Recorded data

○ ○ ○ ○ ○ ○ ○

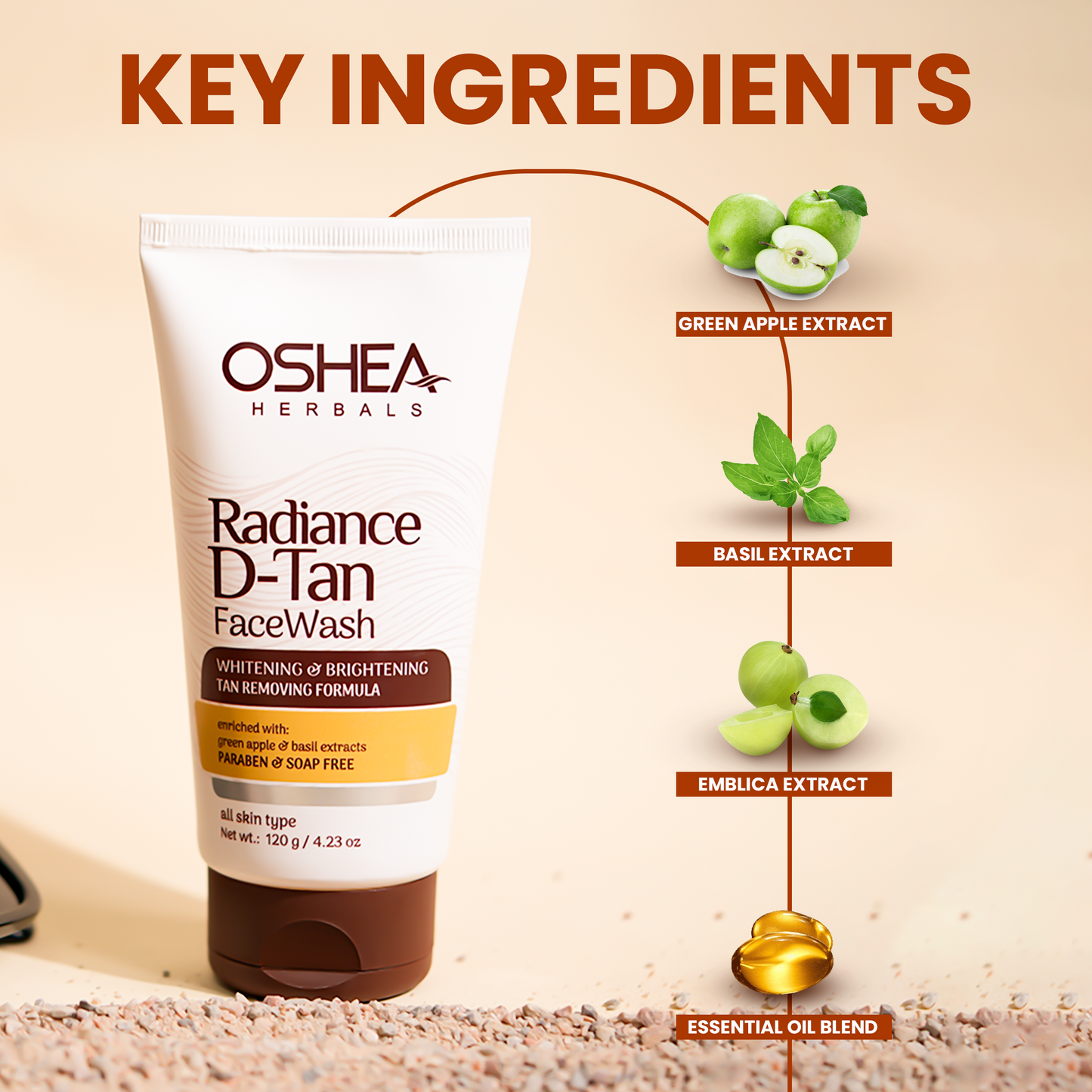 OSHEA RADIANCE D TAN FACE WASH 120G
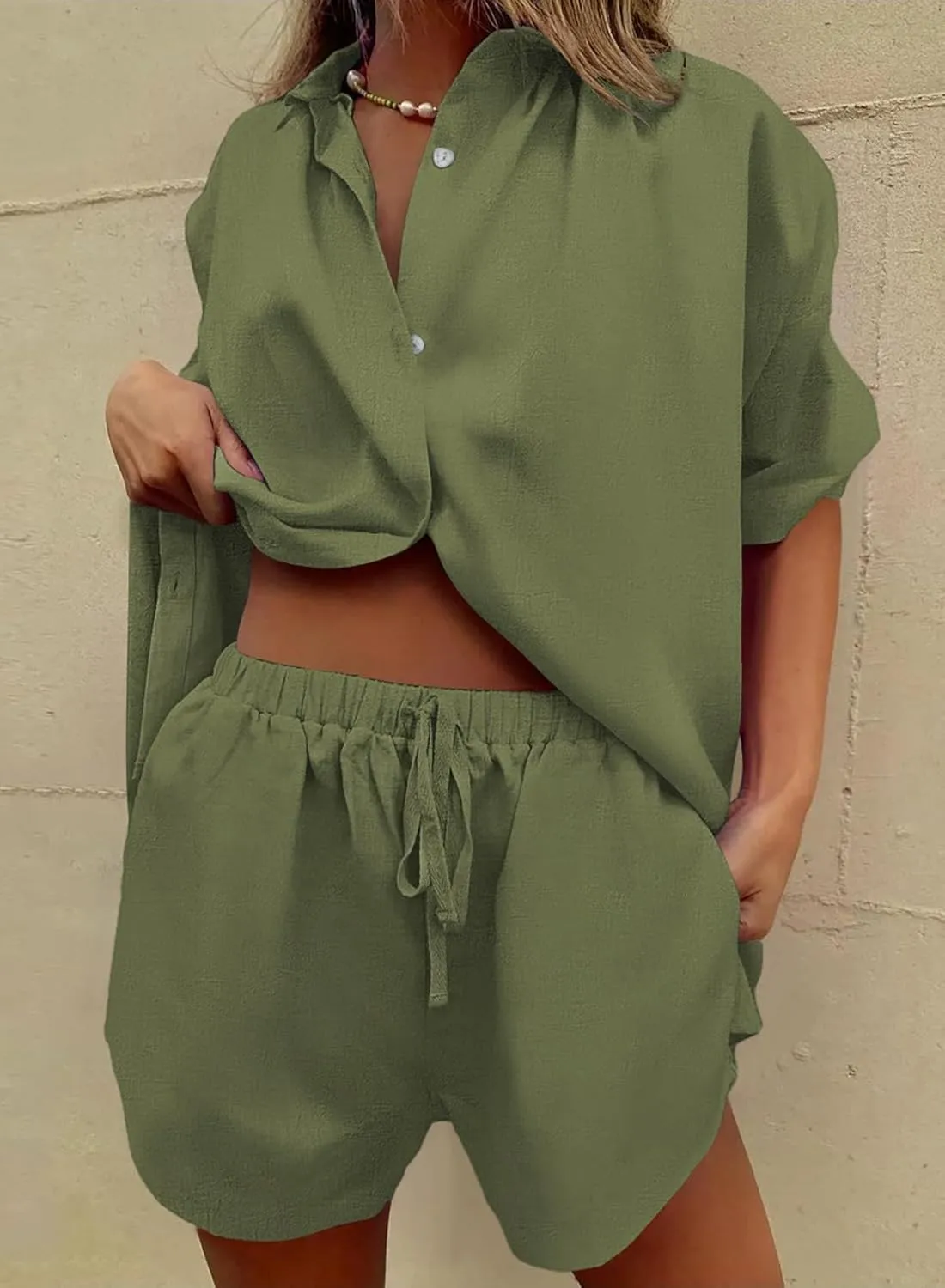 Fixmatti Women 2 Piece Outfit Summer Short Sleeve Top and Shorts Sweatsuit Set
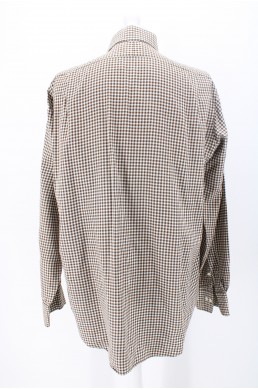 Chemise Vichy Polo by Ralph Lauren Regent Classc Fit marron et blanc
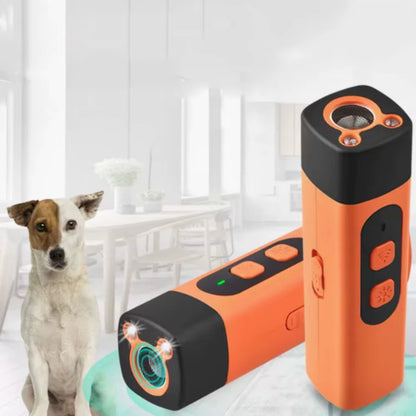 Repelente Ultrasónico Recargable para Perros - Control de Ladridos con Linterna LED, Entrenamiento sin Contacto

○ ○ ○ ○ ○ ○ ○

Task details
Please repeat every line from the listing above exactly as it appears. Drop the pictures.

Answer below
 OSHEA RADIANCE D TAN FACE WASH 120G
 Fixmatti Women 2 Piece Outfit Summer Short Sleeve Top and Shorts Sweatsuit Set
 Chemise Vichy Polo by Ralph Lauren Regent Classc Fit marron et blanc
 Repelente Ultrasónico Recargable para Perros - Control de Ladridos con Linterna LED, Entrenamiento sin Contacto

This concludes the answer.